Executive director Cheeying Ho sheds light on the new Whistler Centre for Sustainability

click to enlarge Cheeying Ho
  • Cheeying Ho

What exactly is the Whistler Centre for Sustainability?

That is a question many people in town are asking - especially since the municipality is faced with a multi-million-dollar shortfall over the next three years, and not all taxpayers are convinced the Resort Municipality of Whistler can support another non-profit organization.

In response to the public concerns, executive director Cheeying Ho, spoke to Pique Newsmagazine this week to explain what the centre is all about.

Sitting inside a boardroom at municipal hall on an unusually warm Thursday afternoon, Ho bubbled with enthusiasm for the group that caused her to move her family from Vancouver to Whistler.

"I want to create a centre of excellence that works within the community as well as leads other communities using Whistler as an example," said Ho.

"That is a really appealing model for me."

The centre - officially formed last December - is not a "centre" in the physical sense. More, it is a group of six people housed in municipal hall who will monitor the Whistler 2020 process, as well as work with Whistler and other B.C. communities on sustainability initiatives. Ho was hired in December; almost all the other five were already municipal employees.

Ho said the centre will work on all forms of suitability, from environmental to social to economic.

The centre's first big project will be to help the City of Williams Lake develop a sustainability plan. The centre, in partnership with Smart Growth B.C. and The Natural Step Canada, is in the final stages of signing a $175,000 contract with the northern city. Whistler will get $40,000 of that money.

"Was I surprised to get the contract? Yes and no," said Ho.

"When we put the proposal together, it was such a solid proposal that I knew we had a good chance."

The comprehensive project involves reading "everything" Williams Lake has done up to date on sustainability, including the city's official community plan.

"We would then do a visioning exercise with the community to look at their broad goals, and we would do a gap analysis and look at how to get there," said Ho.

Among several other things, the Centre for Sustainability is also involved with the Resort Collaborative Initiative. The project is led by the province to help resort municipalities in B.C. become more sustainable.

But the centre is also looking within Whistler to do work, said Ho.

In January, her team held a free workshop for the accommodation sector to discuss energy conservation. About 24 people attended, including representatives from big hotel chains and small bed and breakfasts.

Feedback from the session was positive, and Ho said the centre will likely hold a future workshop that examines how the accommodation sector can be more energy efficient and sustainable.

Also, the centre will probably start a "green table network" to help restaurants and other food services in Whistler hone their sustainability practices.
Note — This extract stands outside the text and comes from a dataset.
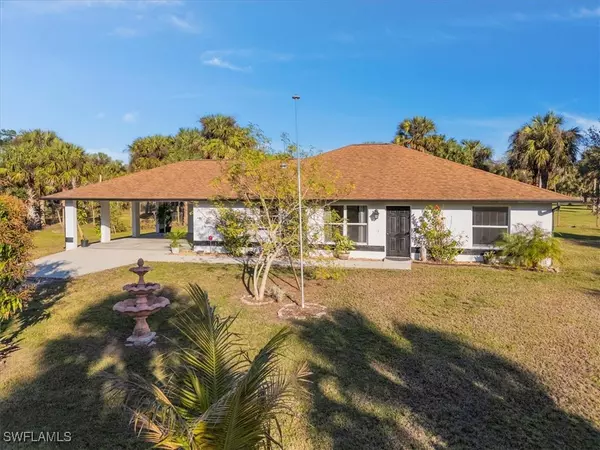 440 21st ST NW, Naples, FL 34120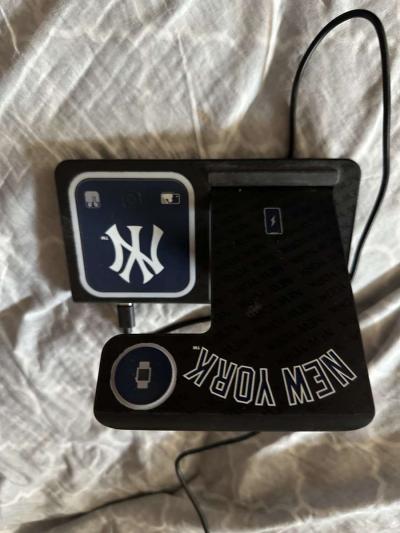 New York Yankeees wireless charger - Thumbnail 3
Such a network was inspired by a similar initiative in Vancouver, said Ho.

Some people in town are concerned the centre will compete directly with local businesses, like Ecosign Mountain Resort Planners and Cascade Environmental Resource Group.

Ho said the aim of the centre in not to compete with these groups.

"We are all about collaboration," stressed Ho.

"We are willing to work with other businesses that can advance our mission, both inside and outside of Whistler."

Ho said Whistler is not the only town developing a non-profit sustainable organization; the City of Portland, Oregon, is also in the midst of launching a similar group.

"I know that financial sustainability is a big question," said Ho.

"I am confident that the sustainability centre will be financially self-sufficient at the end of three years. I know there is interest outside of Whistler for this work and expertise."

The centre's budget for 2009 is $650,000, of which $450,000 will come from the Resort Municipality of Whistler. Another $100,000 will come from a grant from B.C. Hydro to be spent within Whistler on energy sustainability initiatives.

The municipality has committed seed funding worth $120,000 a year for five years.

Ho is still preparing the centre's business plan; but she said a draft version should be ready by April 3 this year.

Before moving to Whistler, Ho worked with Smart Growth B.C. and another non-profit group in sustainability. She also worked as a science teacher for seven years.

"I was always working with students on extra curricular stuff," she said with a laugh, when asked what drove her to sustainability.

Seven people sit on the centre's board of directors: Deborah Curran from the University of Victoria, Bruce Dewar from 2010 LegaciesNow, Doug Forseth from Whistler Blackcomb, Esther Speck from Mountain Equipment Co-op, Charles Steele from Ziptrek Ecotours Inc., John O'Riordan of the University of British Columbia, and former councillor Tim Wake.